Local officials also changed their tune. In October 1972, the Warren County Board of Commissioners met to consider a resolution endorsing the project. At first, those officials had been wary of McKissick’s plan. Not sure what to make of Soul City—and doubtful it would ever get this far—they had listened to him and his staff without taking a firm position. But the loan guarantee cast Soul City in a new light. And when the board met that fall, it voted to approve Soul City and to offer McKissick whatever help he needed.
Around the same time, the towns of Henderson and Oxford agreed to cooperate with Soul City on construction of a regional water system. Funded by a mix of federal, state, and local grants, the system would provide ten million gallons of water a day, including at least two million gallons for Soul City. The project was so popular that even Representative L. H. Fountain, who had earlier written George Romney to express concerns about Soul City, agreed to throw his weight behind it. To McKissick, this was proof he could win support by showing how Soul City would benefit the surrounding area. “Sometimes in order to help yourself, you have got to help others,” he explained.

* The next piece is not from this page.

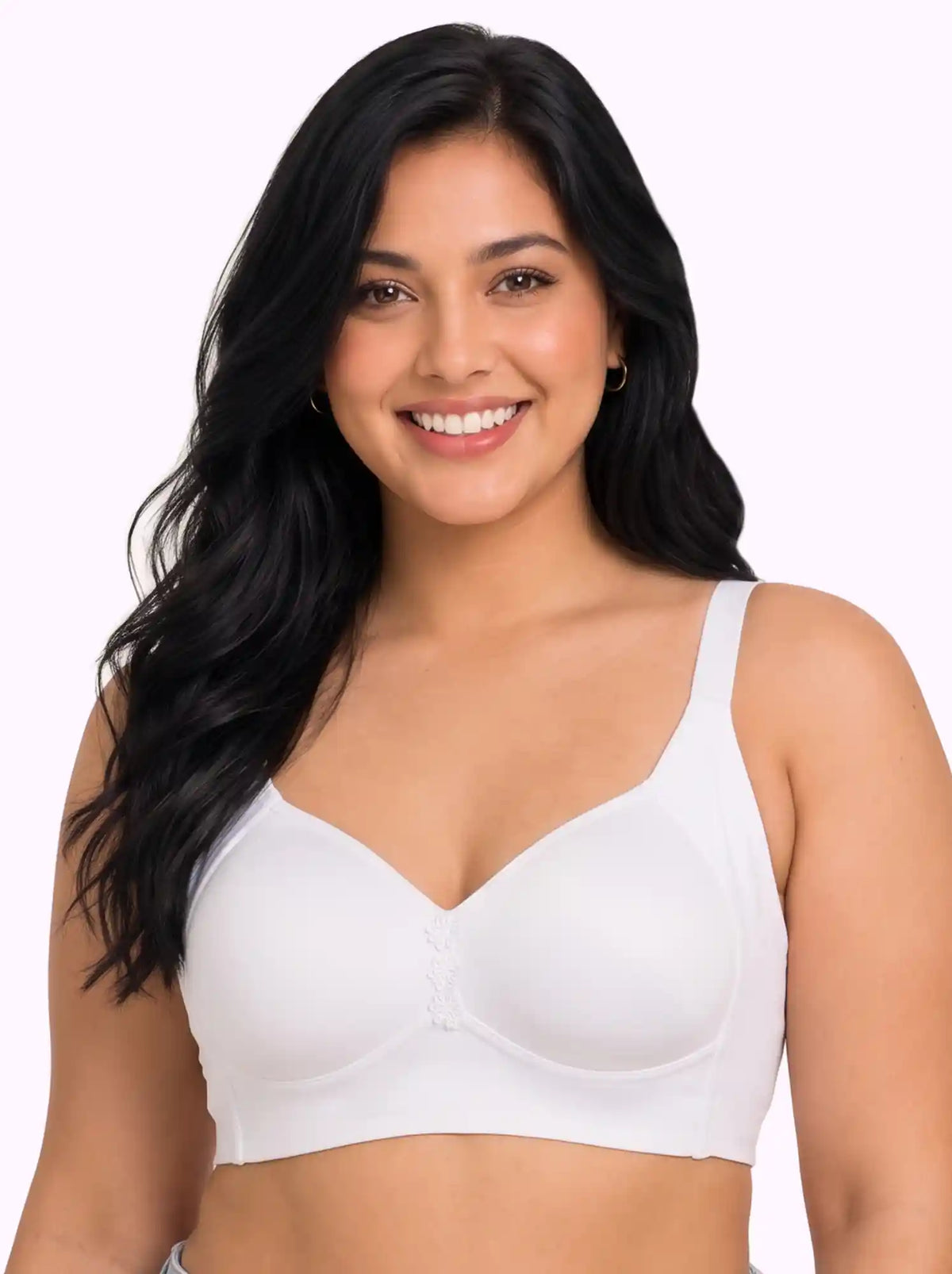 Cotton Padded Plus-Size M-Frame Minimiser Bonded Bra | Full Coverage Panels (SUS-408) (White)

But the strongest evidence of Soul City’s changed image came from industry. In the months after the loan guarantee was approved, McKissick had promising conversations with a number of major corporations, including Borden Foods, Avon Products, and Burlington Industries. Whereas he once had to fight to get in the door of such companies, they were now coming to see him. And he soon landed his first catch. In November, a team from Morse Electro Products Corporation flew down to scout Soul City. Based in New York, Morse made sewing machines and stereo equipment and was planning a new factory on the East Coast. Executives spent several days touring the property, reviewing the development plan, and interviewing McKissick and his staff. By the time they left, it was clear they were impressed. Still, even McKissick was surprised when, two days into the new year, he received a letter from company president Philip S. Morse, informing him that the board of directors was formally considering Soul City for its new plant. The facility would be large—about the size of six football fields—with a workforce of 350. And although many details remained to be worked out, such as training and housing for employees, Morse’s letter indicated that the decision was all but made. He explained that the plant would open by the end of 1973 and that his public relations department would be in touch soon regarding an announcement. “We approach this move on the part of our Company with a great deal of enthusiasm and high expectation for the future,” he wrote.